Понятно, хищники прикладывали особое старание, разыскивая повсюду, что бы конфисковать.
Список конфискаций, произведенных каркассонскими прокурорами за время с 1302 по 1313 год, дошел до нас в рукописи; мы видим из него, с каким тщанием разыскивали должников осужденного даже в том случае, если дело шло о нескольких су. В деле богатого заключенного Гильома де Фенас потребовалось от восьми до десяти лет, чтобы подвести актив, причем было восемьсот пятьдесят девять должников, из которых один был должен всего пять денье. С другой стороны, никогда не поднимали вопроса об уплате долгов обвиненного; таким образом, применяли принцип, в силу которого еретик не мог законным образом делать долги, и без зазрения совести обирали его должников.
Вельможи настаивали, что суммы, должные одним из их вассалов, должны были поступать в их пользу, но Филипп Валуа решил в 1329 году, что когда долги должны были уплачиваться по месту жительства еретика, то сумма должна поступать в королевскую казну, а вассальные отношения должников не должны быть принимаемы при этом во внимание.
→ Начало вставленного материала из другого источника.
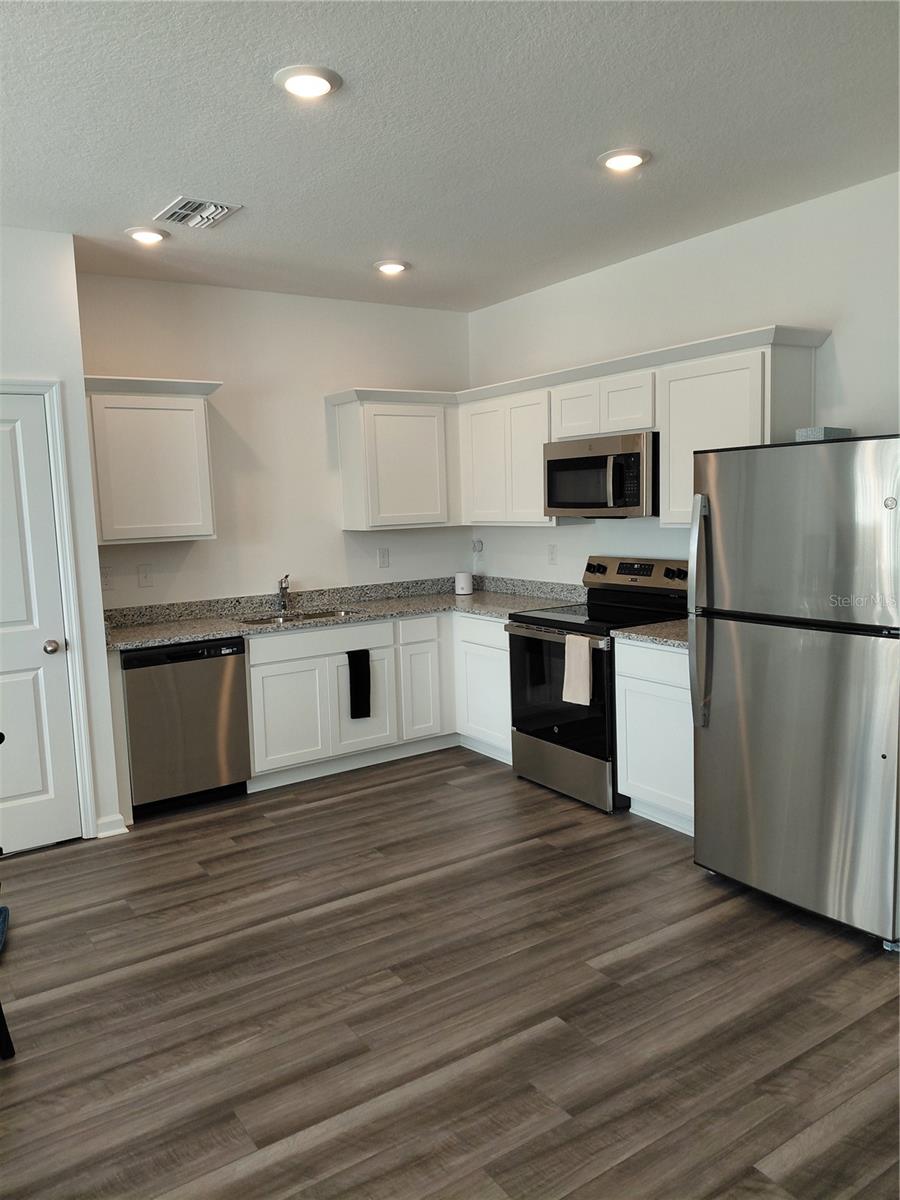 VISTA WALK - Residential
Другой пример отвратительной алчности хищников находим мы в процессе, который в 1302 году рассматривался в Парижском парламенте. По смерти рыцаря Гильома Прюнеля и его жены Изабеллы, опека над сиротами, естественно, должна была перейти к их ближайшему родственнику, рыцарю Бернару де Монтескье; но последний несколько лет перед этим был сожжен как еретик, и имения его конфискованы. Сенешаль Каркассона заявил, что имущество наследников представляло посмертное приобретение Бернара, и поэтому наложил на него арест. Но племянник, другой Бернар де Монтескье, обжаловал это решение и добился его отмены.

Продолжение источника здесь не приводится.